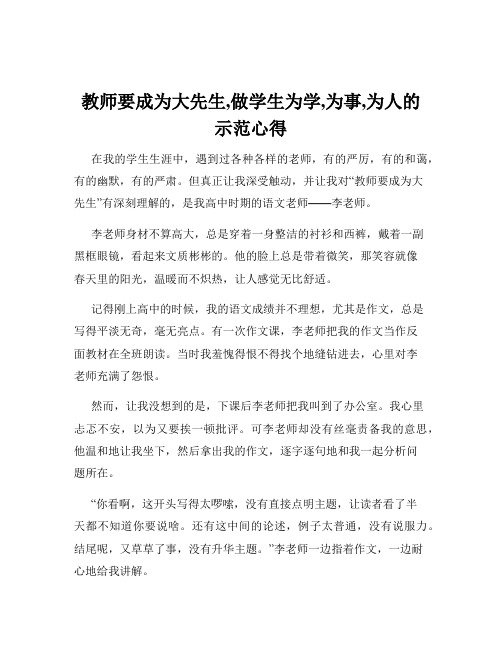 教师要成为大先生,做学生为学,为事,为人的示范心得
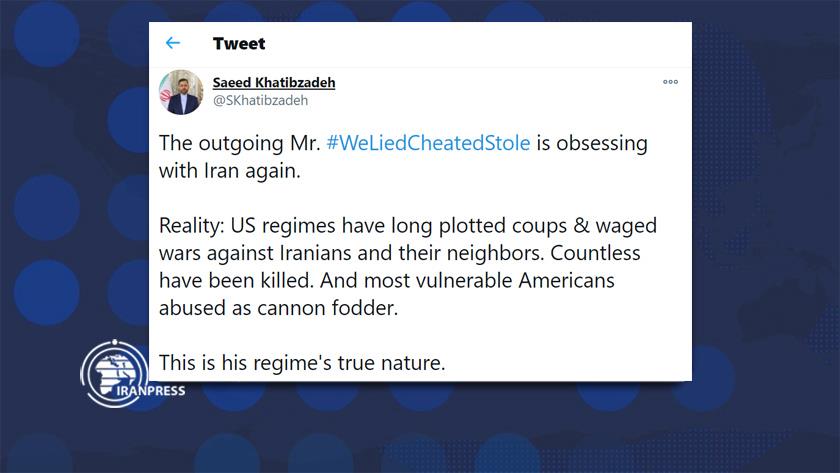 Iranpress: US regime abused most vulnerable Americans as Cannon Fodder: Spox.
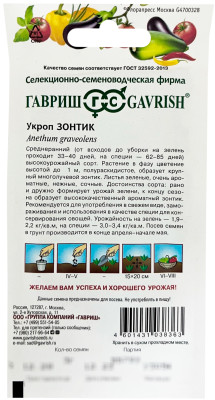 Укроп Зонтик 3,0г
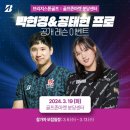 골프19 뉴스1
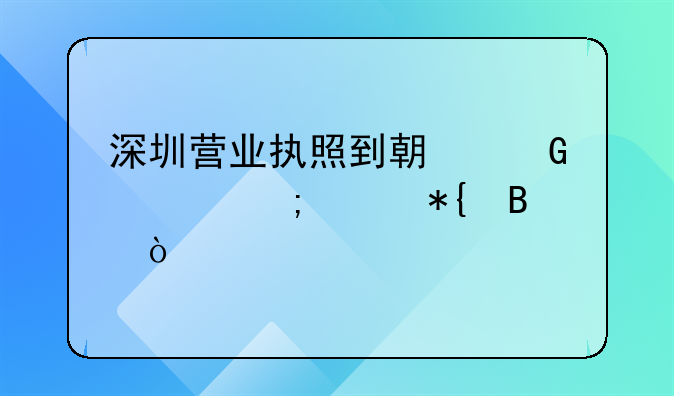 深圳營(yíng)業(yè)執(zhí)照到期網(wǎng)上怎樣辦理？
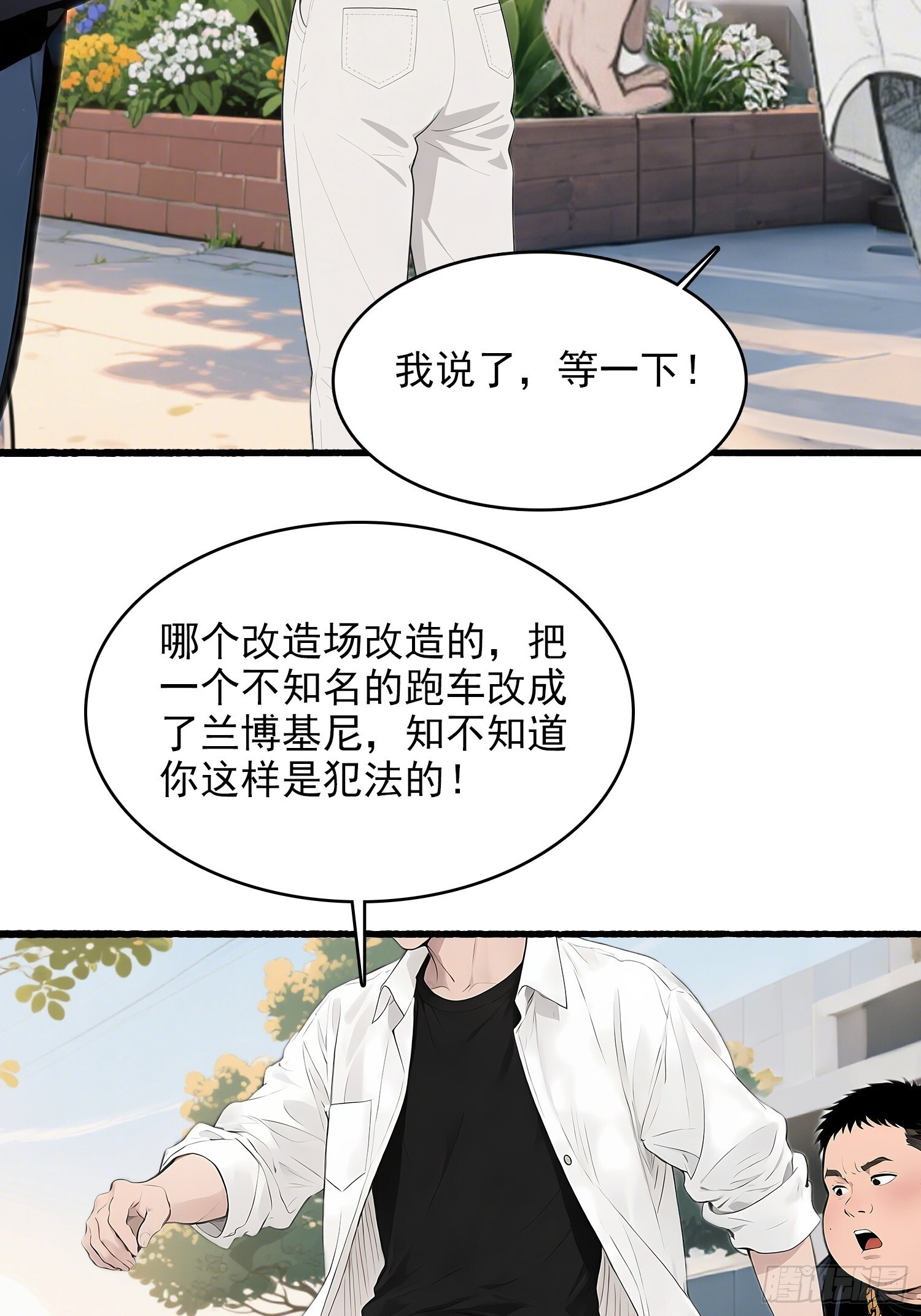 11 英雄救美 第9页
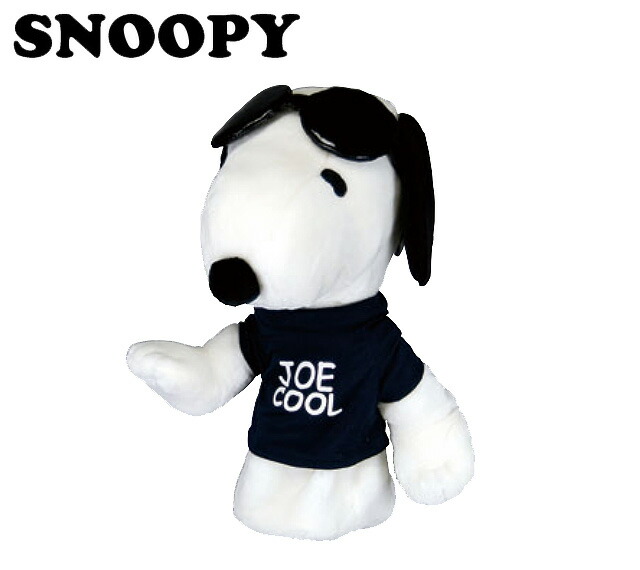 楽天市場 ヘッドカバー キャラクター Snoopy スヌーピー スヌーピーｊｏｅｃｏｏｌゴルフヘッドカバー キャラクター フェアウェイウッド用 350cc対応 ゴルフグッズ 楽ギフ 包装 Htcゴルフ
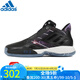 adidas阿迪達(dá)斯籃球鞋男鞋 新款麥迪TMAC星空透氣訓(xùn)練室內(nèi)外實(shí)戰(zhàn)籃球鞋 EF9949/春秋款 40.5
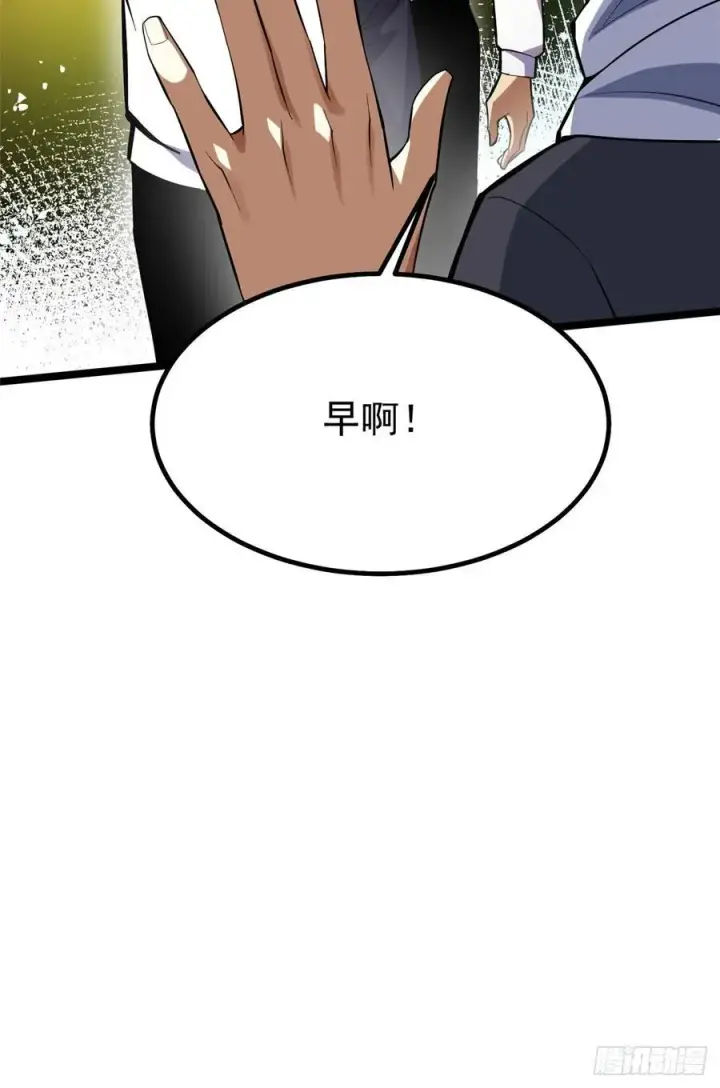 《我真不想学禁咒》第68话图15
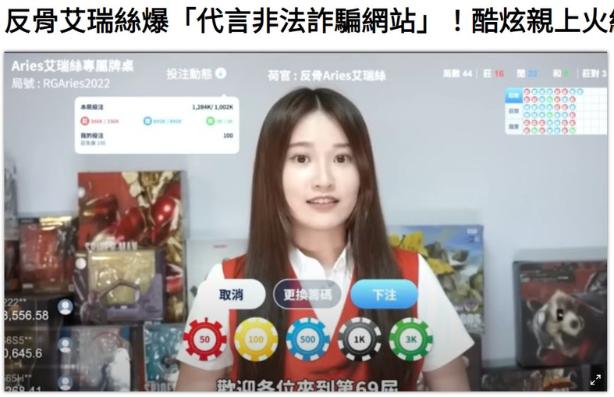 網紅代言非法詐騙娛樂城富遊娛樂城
* * * * * * *
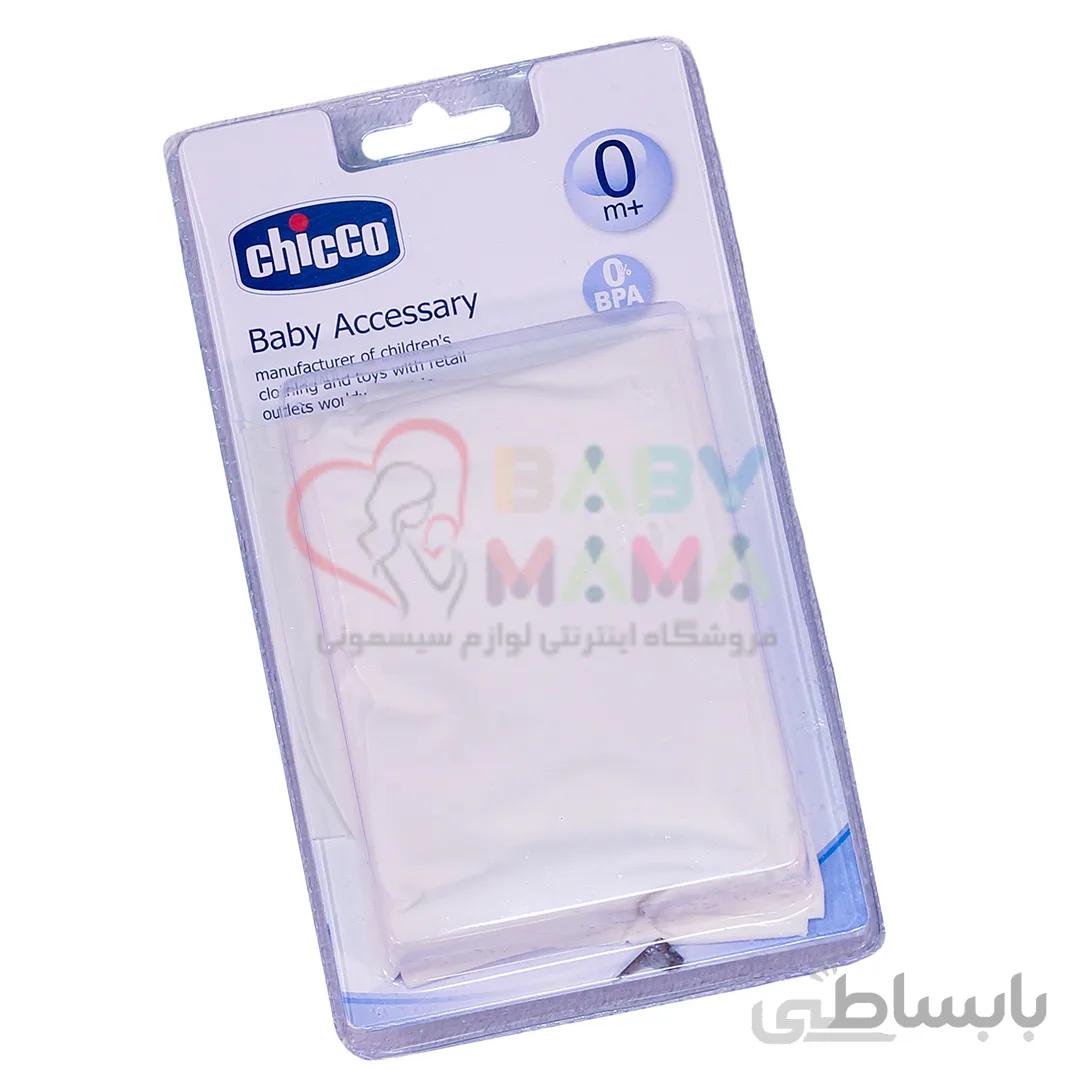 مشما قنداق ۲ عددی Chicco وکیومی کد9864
* * * * * * *
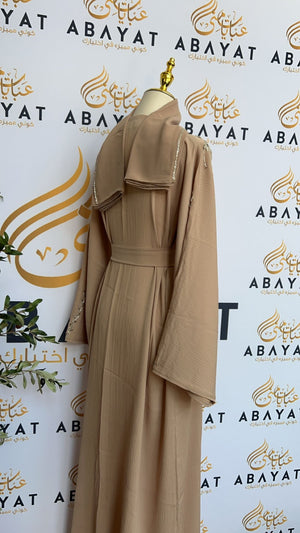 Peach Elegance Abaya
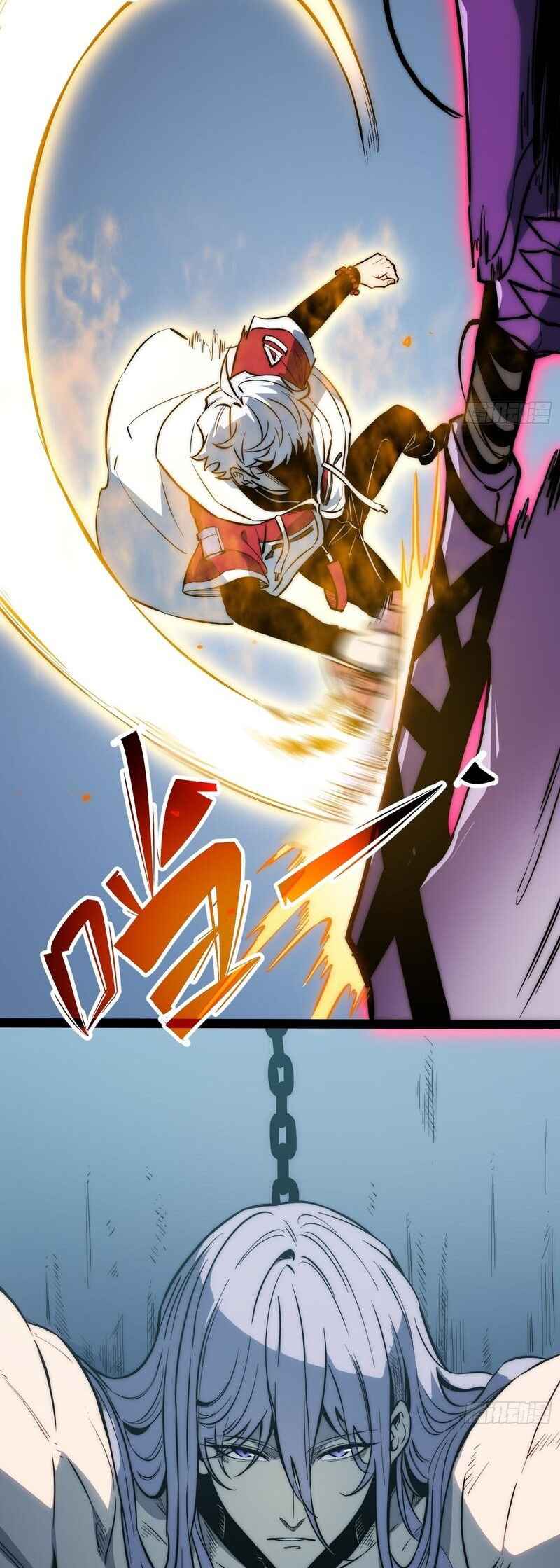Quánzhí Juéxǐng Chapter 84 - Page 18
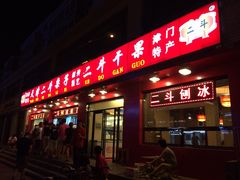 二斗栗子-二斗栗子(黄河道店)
* * * * * * *
#### Requirement
From the material above, give again exactly the lines from the one that contains "教师要成为大先生,做学生为学,为事,为人的示范心得" through the one that contains "網紅代言非法詐騙娛樂城富遊娛樂城", and leave out the pictures.

#### Exercise answer
 教师要成为大先生,做学生为学,为事,为人的示范心得
 Iranpress: US regime abused most vulnerable Americans as Cannon Fodder: Spox.
 Укроп Зонтик 3,0г
 골프19 뉴스1
 深圳營(yíng)業(yè)執(zhí)照到期網(wǎng)上怎樣辦理？
 11 英雄救美 第9页
 楽天市場 ヘッドカバー キャラクター Snoopy スヌーピー スヌーピーｊｏｅｃｏｏｌゴルフヘッドカバー キャラクター フェアウェイウッド用 350cc対応 ゴルフグッズ 楽ギフ 包装 Htcゴルフ
 adidas阿迪達(dá)斯籃球鞋男鞋 新款麥迪TMAC星空透氣訓(xùn)練室內(nèi)外實(shí)戰(zhàn)籃球鞋 EF9949/春秋款 40.5
 《我真不想学禁咒》第68话图15
 網紅代言非法詐騙娛樂城富遊娛樂城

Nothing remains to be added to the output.